### [Instructions to follow]
Leaving out the pictures, copy each record below exactly.
┄┄┄┄┄┄┄┄┄┄┄┄┄┄┄┄┄┄┄┄
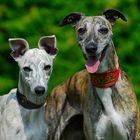 Whippets 2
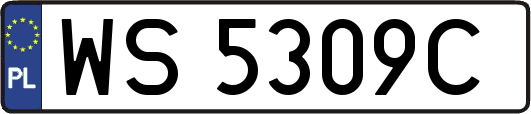 WS5309C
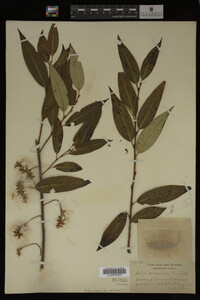 Image Associated With the Occurrence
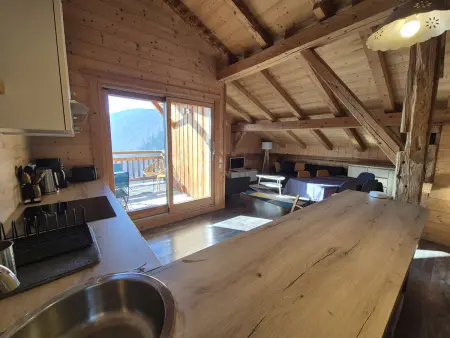 Duplex spacieux avec terrasse sud et animaux admis - Photo 6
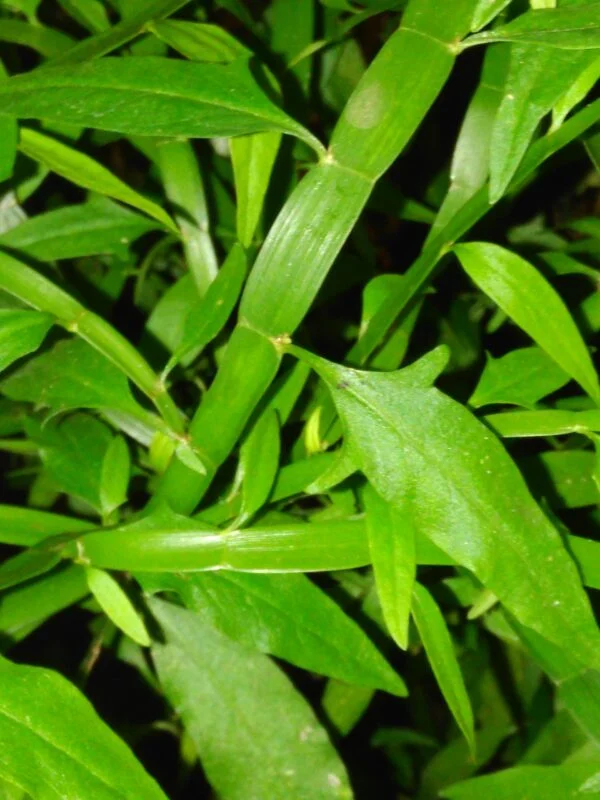 Homalocladium platycladum, pianta da esterno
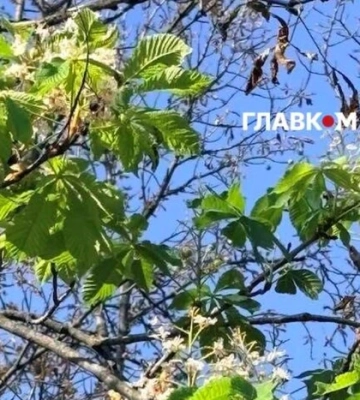 Якість повітря у Києві 21 вересня 2026 року: актуальні показники по районах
┄┄┄┄┄┄┄┄┄┄┄┄┄┄┄┄┄┄┄┄
### [Written response]
 Whippets 2
 WS5309C
 Image Associated With the Occurrence
 Duplex spacieux avec terrasse sud et animaux admis - Photo 6
 Homalocladium platycladum, pianta da esterno
 Якість повітря у Києві 21 вересня 2026 року: актуальні показники по районах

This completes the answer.